Hi,
My lab ACS server (version 4.11.2.0) recently starts to die off a few hours
after a restart, with following error message in the log:
2019-04-24 10:38:35,237 INFO [c.c.s.ConfigurationServerImpl] (main:null)
Processing updateKeyPairs
2019-04-24 10:38:35,237 INFO [c.c.s.ConfigurationServerImpl] (main:null)
Keypairs already in database, updating local copy
2019-04-24 10:38:35,241 INFO [c.c.s.ConfigurationServerImpl] (main:null) Going
to update systemvm iso with generated keypairs if needed
2019-04-24 10:38:35,241 INFO [c.c.s.ConfigurationServerImpl] (main:null)
Trying to inject public and private keys into systemvm iso
2019-04-24 10:38:35,288 INFO [c.c.s.ConfigurationServerImpl] (main:null)
Injected public and private keys into systemvm iso with result : mount: could
not find any free loop device
2019-04-24 10:38:35,288 WARN [c.c.s.ConfigurationServerImpl] (main:null)
Failed to inject generated public key into systemvm iso mount: could not find
any free loop device
2019-04-24 10:38:35,290 WARN [o.a.c.s.m.c.ResourceApplicationContext]
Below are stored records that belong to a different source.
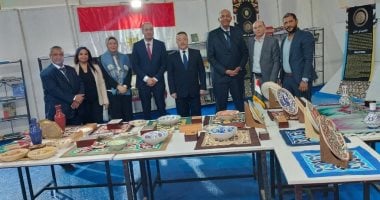 رئيس وزراء السنغال يفتتح الجناح المصري "ضيف شرف" معرض داكار الدولى للكتاب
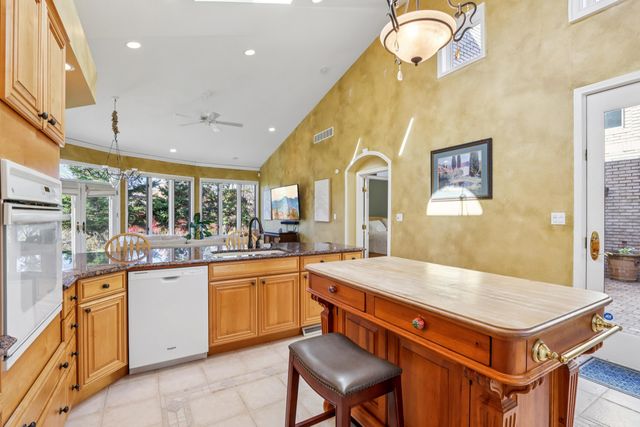 828 Royal Dublin Lane, Dyer, IN 46311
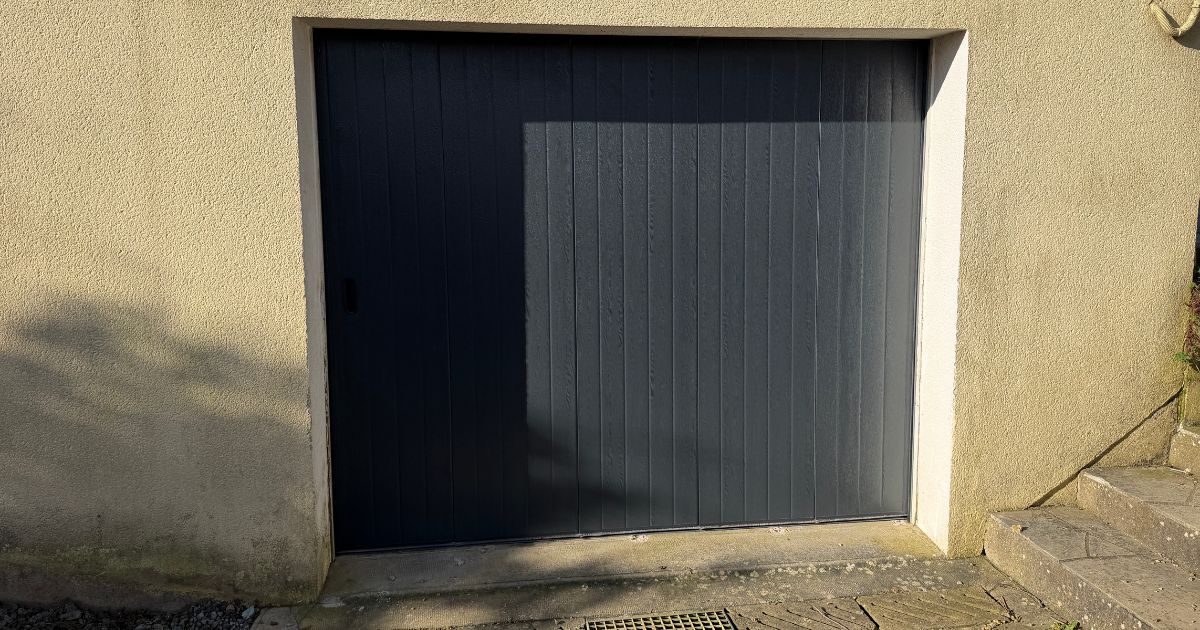 Fourniture et pose d'une porte de garage coulissante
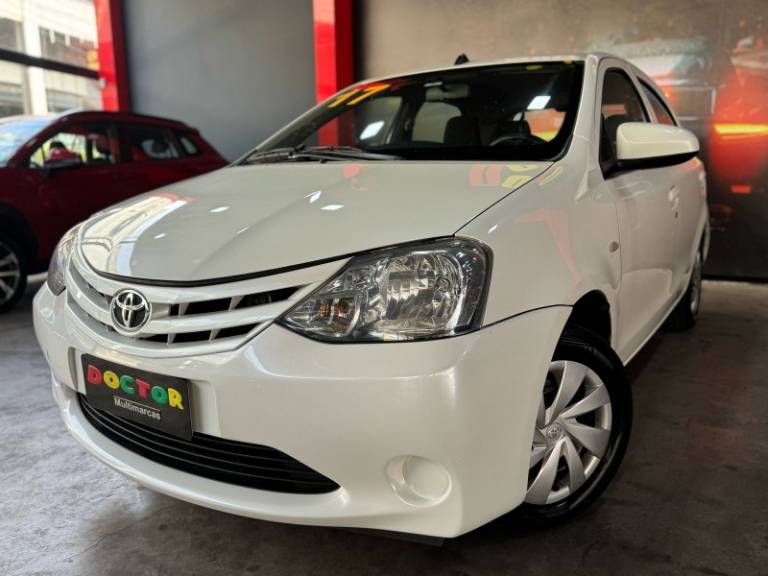 TOYOTA - ETIOS - 2016/2017 - Branca - R$ 56.900,00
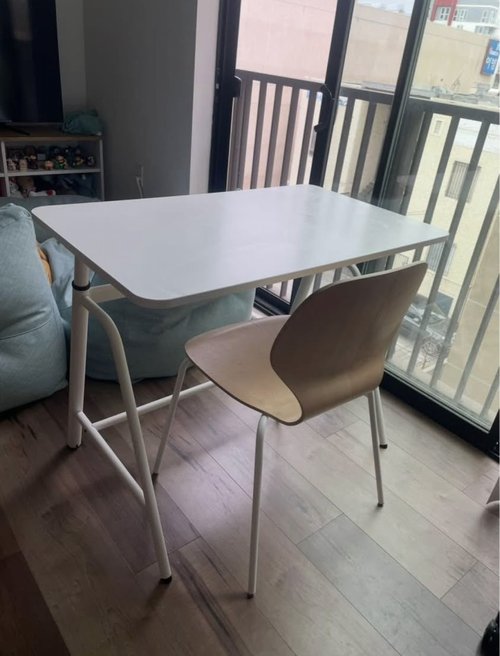 이케아 높이 조절 데스크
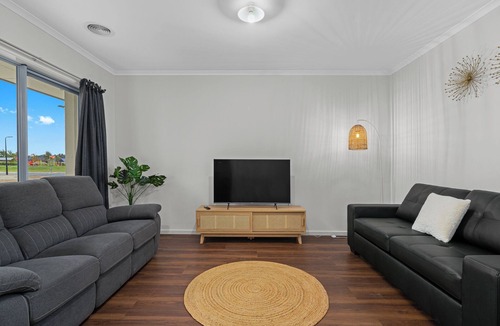 Shepparton North House | Popular Villa -Accommodation in Shepparton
(main:null) Exception encountered during context initialization - cancelling
refresh attempt: org.springframework.context.ApplicationContextException:
Failed to start bean 'cloudStackLifeCycle'; nested exception is
com.cloud.utils.exception.CloudRuntimeException: Failed to inject generated
public key into systemvm iso mount: could not find any free loop device
2019-04-24 10:38:35,291 WARN [o.e.j.w.WebAppContext] (main:null) Failed
startup of context
o.e.j.w.WebAppContext@78a2da20{/client,file:///usr/share/cloudstack-management/webapp/,UNAVAILABLE}{/usr/share/cloudstack-management/webapp}
org.springframework.context.ApplicationContextException: Failed to start bean
'cloudStackLifeCycle'; nested exception is
com.cloud.utils.exception.CloudRuntimeException: Failed to inject generated
public key into systemvm iso mount: could not find any free loop device
And sure enough, all /dev/loopX are in use:
# losetup -a
/dev/loop0: [ca06]:1315130 (/usr/share/cloudstack-common/vms/systemvm.iso)
/dev/loop1: [ca06]:1315130 (/usr/share/cloudstack-common/vms/systemvm.iso)
/dev/loop2: [ca06]:1315130 (/usr/share/cloudstack-common/vms/systemvm.iso)
/dev/loop3: [ca06]:1315130 (/usr/share/cloudstack-common/vms/systemvm.iso)
/dev/loop4: [ca06]:1315130 (/usr/share/cloudstack-common/vms/systemvm.iso)
/dev/loop5: [ca06]:1315130 (/usr/share/cloudstack-common/vms/systemvm.iso)
/dev/loop6: [ca06]:1315130 (/usr/share/cloudstack-common/vms/systemvm.iso)
/dev/loop7: [ca06]:1315130 (/usr/share/cloudstack-common/vms/systemvm.iso)
#
Recent changes in the lab includes adding a VMware cluster, registered new
systemvm templates for VMware, and created our own template for VMware.
It looks like the updateKeyPairs process runs once an hour, and it failed to
clean up the loopback device. So, in about 8 hours, the management server
would run out loopback devices and dies.
Any suggestions how I troubleshoot this further?
Thanks
Yiping